The same can be said of most of the state governments, too, of course, except that they have a lower capacity to pretend they can take care of anything. They can and will go bankrupt, and then they'll go begging to the federal government to bail them out, which the federal government will pretend to do with pretend money. By then, though, the practical arrangements of daily life would probably be so askew that politics would take a new, darker, and more extreme turn –among other things, in the direction of secession and breakup.
The wonder of it all is that there hasn't been civil disorder yet. When I go into the supermarket, I marvel at the price of things: a single onion for a dollar, four bucks for a jar of jam, five bucks for a box of Cheerios, four bucks for a wedge of cheese. Is everybody except Jamie Dimon, Lloyd Blankfein, and Mark Zuckerberg living on store-brand macaroni and ketchup? It's hard to measure the desperation of households in this culture of rugged individualism. At social gatherings friends rarely tell you that they are two months behind in their mortgage payment and maxed out on their credit cards. And that's the supposed middle class, at least the remnants of it. I can't tell you what the tattoo-and-falling-down-pants crowd talks about in the parking lot outside the 7-Eleven store. Perhaps they swap meth recipes.
Civil disorder would at least mean something, a consensus of dissatisfaction about how life is lived. Instead, we only get mad outbursts of tragic meaninglessness: the slaughter of innocent children in school, or movie theater patrons mowed down by a lone maniac during the coming attractions. Life imitates art, as Oscar Wilde said, and these days television is our art. Hence the United States is now equal parts Jersey Shore, Buck Wild, the Kardashians, and Honey Boo Boo. That's not really a lot to work with in terms of social capital, especially where radical politics might be called for.

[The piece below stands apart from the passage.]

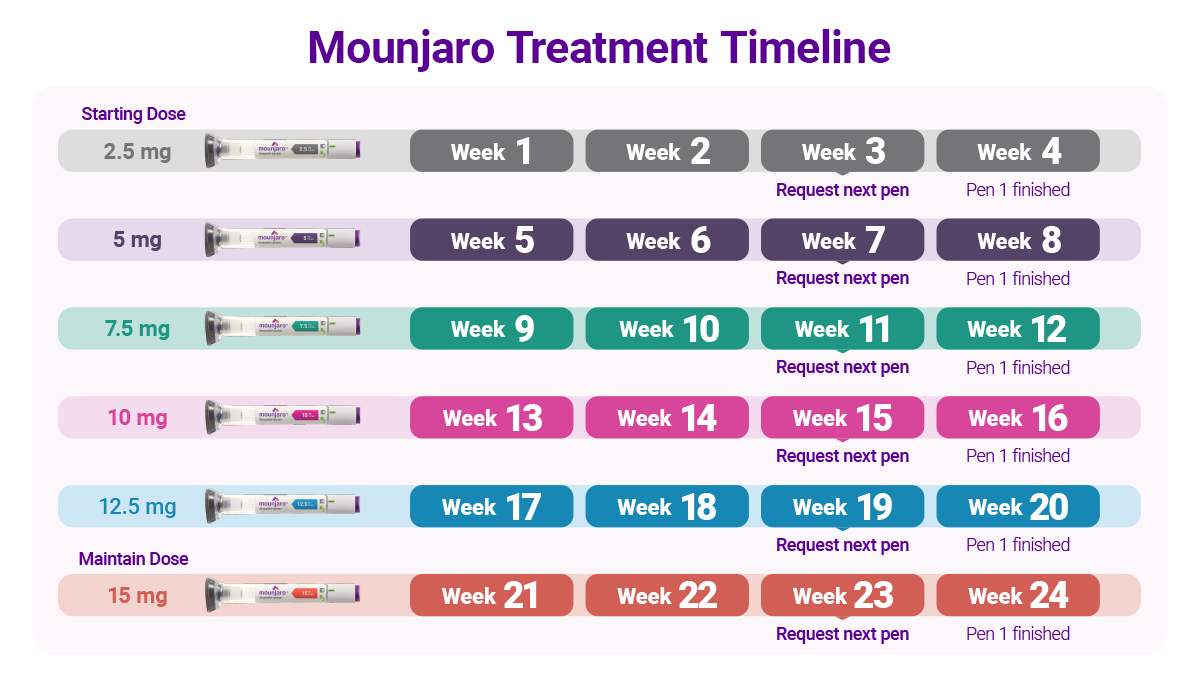 How do I order my next dose on the Online Clinic? – Chemist4U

Does anybody now breathing even remember radical politics? Whether you liked them or not — and I was not crazy about the whole "revolution" of the late 1960s, which I lived through — it at least represented a level of seriousness that is now absolutely and starkly absent today, especially in young people. Who, in the West, besides Julian Assange, has stuck his neck out in the past ten years? And please don't tell me Ron Paul, who had ample opportunity in congressional hearings over the years to really call out the banksters and their government wankster errand boys, and all he ever did was nip around their trouser legs.
So I stick to the point I made in The Long Emergency and again in Too Much Magic: expect America's national and state governments to only become more ineffectual and impotent. They will never recover from the insults inflicted on themselves. Events are in the drivers seat, including things unseen, and the people pretending to be in charge have arranged things into such a state of fragility that accidents are sure to happen, especially involving the basic structures of money. In case you don't know it yet, you're on your own now. Put whatever energy you can muster into finding a community to be a part of.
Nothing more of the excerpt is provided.